Back home, the most likely market-mover is Thursday’s March employment report. Economists expect the jobless rate to tick down to 3.9 per cent from 4 per cent in February, continuing the recent trend.
Other highlights this week include: monthly business confidence, weekly consumer confidence (Tuesday); and monthly consumer sentiment, quarterly building activity (Wednesday). China releases inflation figures at 11.30 am AEST today.
The four-day Easter break may prompt some judicious pruning of positions towards the end of the week. Wall Street takes Friday off, but does not recognise Easter Monday as a holiday, meaning US markets will trade twice before the ASX reopens on Tuesday.
Iluka Resources holds its annual general meeting on Wednesday.
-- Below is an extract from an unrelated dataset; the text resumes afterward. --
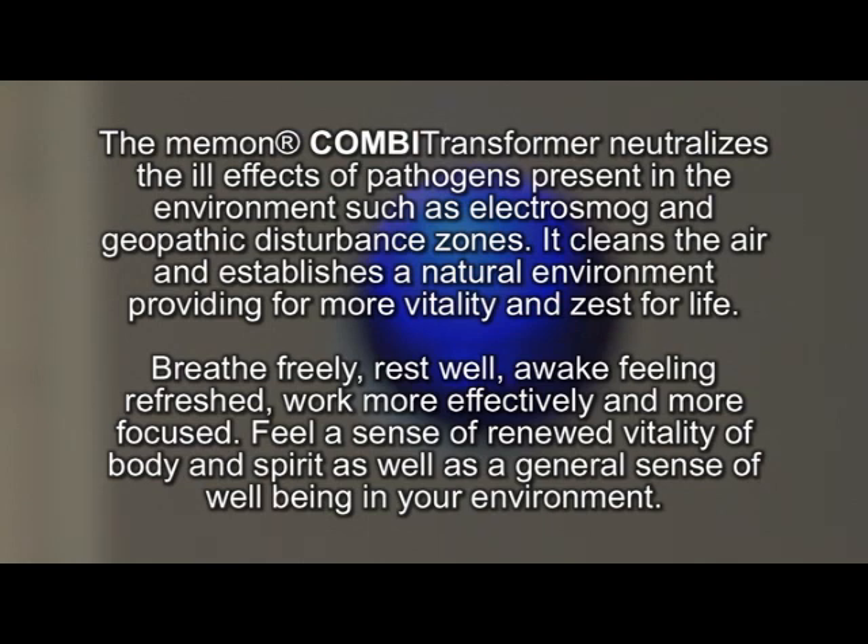Breathe freely. Rest well. Awake feeling refreshed. Work more effectively and more focused. Feel a sense of renewed vitality of body and spirit, as well as a general sense of well-being in your environment.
Bank of Queensland releases half-year earnings on Thursday. Quarterly reports will start to dribble in this week.
IPOs: a slower week coming up after last week’s flurry of new listings. There are just three companies hoping to get off the mark this week: Firetail Resources and Narryer Metals on Wednesday, and Osmond Resources on Thursday.
The dollar declined for a third session, trading at 74.56 US cents this morning after hitting 76.62 cents on Tuesday.
Oil rebounded at the end of a losing week. Brent crude settled US$2.20 or 2.2 per cent ahead at US$102.78 a barrel. The recovery trimmed the global benchmark’s loss for the week to 1.5 per cent.
Buying interest cooled last week as the Shanghai Covid lockdown dented Chinese demand and after the White House and International Energy Agency announced substantial releases from strategic reserves.
Iron ore capped a downbeat week with another down-leg on Friday. The spot price for ore landed in China declined US$1.14 or 0.7 per cent to US$155.50 a tonne. For the week, the spot price fell US$4.48 or 0.8 per cent amid weak demand during a two-day public holiday and with Shanghai in lockdown.
BHP‘s US-traded depositary receipts gained 0.41 per cent. The miner’s UK stock jumped 2.16 per cent. Rio Tinto eased 0.71 per cent in the US after rising 0.82 per cent in the UK.
Gold sealed a resilient week with an up-tick on Friday despite headwinds that included rises in the greenback and US treasury yields. Metal for June delivery settled US$7.80 or 0.4 per cent higher at US$1,945.60 an ounce. For the week, gold improved 1.1 per cent.
“Despite the spike in volatility seen elsewhere this week as a result of the hawkish Fed shift, gold has been unmoved,” Craig Erlam, senior market analyst at Oanda, wrote.
Industrial metals were mixed as investors weighed soft demand from China, supply-chain issues fuelled by war embargoes on Russia and speculation about Chinese stimulus measures.
Benchmark copper on the London Metal Exchange dipped 0.1 per cent to US$10,304.75 a tonne. Aluminium shed 0.3 per cent. Nickel improved 0.5 per cent, lead 0.6 per cent, zinc 2.5 per cent and tin 0.5 per cent.